I don't know if the problem is the structure the neural net (too simple?) or the reproduction mechanism: to prevent population explosion, the initial population is about 20 agents, and as the population becomes close to 50, the reproduction chance approaches zero. When reproduction does occur, the parent is chosen by going over the list of agents from beginning to end, and checking for each agent whether or not a random number between 0 to 1 is less than the ratio between this agent's energy and the sum of the energy of all agents. If so, the searching is over and this agent becomes a parent, as we add to the environment a copy of this agent with some probability of mutations in one or more of the weights in his neural network.
Thanks in advance!
If the environment is benign enough (e.g it's easy enough to find food) then just moving randomly may be a perfectly viable strategy and reproductive success may be far more influenced by luck than anything else. Also consider unintended consequences: e.g if offspring is co-sited with its parent then both are immediately in competition with each other in the local area and this might be sufficiently disadvantageous to lead to the death of both in the longer term.
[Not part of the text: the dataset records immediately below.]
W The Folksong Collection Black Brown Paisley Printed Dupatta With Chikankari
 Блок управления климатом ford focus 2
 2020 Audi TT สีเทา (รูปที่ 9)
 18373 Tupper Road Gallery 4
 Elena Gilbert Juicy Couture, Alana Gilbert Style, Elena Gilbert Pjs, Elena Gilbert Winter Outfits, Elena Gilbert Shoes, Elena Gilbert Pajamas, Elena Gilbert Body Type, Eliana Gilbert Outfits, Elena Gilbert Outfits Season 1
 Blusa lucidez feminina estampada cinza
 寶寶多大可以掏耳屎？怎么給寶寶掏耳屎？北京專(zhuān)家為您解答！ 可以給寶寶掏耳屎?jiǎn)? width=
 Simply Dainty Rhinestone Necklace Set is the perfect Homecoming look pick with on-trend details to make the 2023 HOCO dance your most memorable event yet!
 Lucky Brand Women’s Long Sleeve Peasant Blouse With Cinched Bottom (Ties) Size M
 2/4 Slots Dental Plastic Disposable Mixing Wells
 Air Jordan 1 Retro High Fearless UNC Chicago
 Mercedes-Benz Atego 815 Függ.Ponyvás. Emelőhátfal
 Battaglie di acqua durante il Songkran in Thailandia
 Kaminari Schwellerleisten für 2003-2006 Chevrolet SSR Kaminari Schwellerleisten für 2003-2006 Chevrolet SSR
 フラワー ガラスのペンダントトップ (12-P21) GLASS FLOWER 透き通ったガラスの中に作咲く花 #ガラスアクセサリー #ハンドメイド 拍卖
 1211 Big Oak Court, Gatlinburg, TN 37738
To test your system, introduce an individual with a "premade" neural network set up to steer the individual directly towards the nearest food (your model is such that such a thing exists and is reasobably easy to write down, right? If not, it's unreasonable to expect it to evolve!). Introduce that individual into your simulation amongst the dumb masses. If the individual doesn't quickly dominate, it suggests your simulation isn't set up to reinforce such behaviour. But if the individual enjoys reproductive success and it and its descendants take over, then your simulation is doing something right and you need to look elsewhere for the reason such behaviour isn't evolving.
Update in response to comment:
Seems to me this mixing of angles and vectors is dubious. Whether individuals can evolve towards the "move straight towards nearest food" behaviour must rather depend on how well an atan function can be approximated by your network (I'm sceptical). Again, this suggests more testing:
set aside all the ecological simulation and just test perturbing a population
of your style of random networks to see if they can evolve towards the expected function.
(simpler, better) Have the network output a vector (instead of an angle): the direction the individual should move in (of course this means having 2 output nodes instead of one). Obviously the "move straight towards food" strategy is then just a straight pass-through of the "direction towards food" vector components, and the interesting thing is then to see whether your random networks evolve towards this simple "identity function" (also should allow introduction of a readymade optimised individual as described above).
I'm dubious about the "fixed amount of food" too. (I assume you mean as soon as a red dot is consumed, another one is introduced). A more "realistic" model might be to introduce food at a constant rate, and not impose any artificial population limits: population limits are determined by the limitations of food supply. e.g If you introduce 100 units of food a minute and individuals need 1 unit of food per minute to survive, then your simulation should find it tends towards a long term average population of 100 individuals without any need for a clamp to avoid a "population explosion" (although boom-and-bust, feast-or-famine dynamics may actually emerge depending on the details).
This sounds like a problem for Reinforcement Learning, there is a good online textbook too.